Tuesday, November 20, 2007

On reading today's NY Times most-emailed list

When the media discuss academia, and in this case the tenure track's apparent demise, I always find myself getting irritated. (I also bristle at any movie about classical musicians, the only other professional world I know anything about.) The article's main thrust is that students are getting a lesser education with the growing reliance on adjunct teachers at big state universities, even though (and this is reiterated every time, and it is true) adjunct teachers are often as good as (if not better than) tenure track teachers. The main problem, according to the article, is that these part-timers, often teaching as many as 6 courses at 3 or 4 different institutions in a semester, are rarely around outside of class time, and thus cannot adequately support their students.

From my perspective, the main problem isn't so much the impact on students, but the impact on intellectual life in general. By assuring professors "academic freedom" (a concept that has lost any real specific meaning these days), tenure provides an absolutely essential secure environment for the pursuit of sometimes abstract, abstruse, not-immediately-applicable ideas and research projects. Such space for intellectual pursuit is increasingly rare--among professional intellectuals as well as students--to the point that it doesn't even come up in an article like this.

The point is not necessarily that more serious intellectuals make better teachers--we all know they often don't, though some of my "worst" teachers in college, who mumbled or strayed from the point or designed poor assignments or failed to put time into grading papers or never showed up for office hours, were the ones I learned the most from because, at one point or another, they said something really profound, different, thought-provoking that changed things for me.

The point is that academia has been, and should continue to be, one of the rare places in our hyper-capitalistic, consumerist, over-worked, stressed-out society where thinking for the sake of thinking should be allowed to happen.

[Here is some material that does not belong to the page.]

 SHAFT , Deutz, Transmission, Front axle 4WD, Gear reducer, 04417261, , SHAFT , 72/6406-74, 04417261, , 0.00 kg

And adjuncts simply do not have time for this, unless they have other sources of income and are teaching merely for fun (which does account for some, actually). Most, however, are working their asses off with little or no job security and mounting resentment against the academic caste system. Few have time to spend on research projects, going to conferences, or (my preferred mode of intellectual activity) just sitting and thinking. Few get to design new courses or consider larger curricular issues, and most get plugged into existing courses, and sometimes even existing syllabi.

Which means fewer and fewer people, besides the increasingly powerful administrators, have time or space to think seriously about what it means to be an educated person. (And don't even get me started on all the time the shrinking pool of t/t profs are now required to spend thinking about "assessment," which, in my experience, is mainly about providing nice digestible sound bytes for syllabi and administrators.)

OK, time to get off my soapbox and get some work done!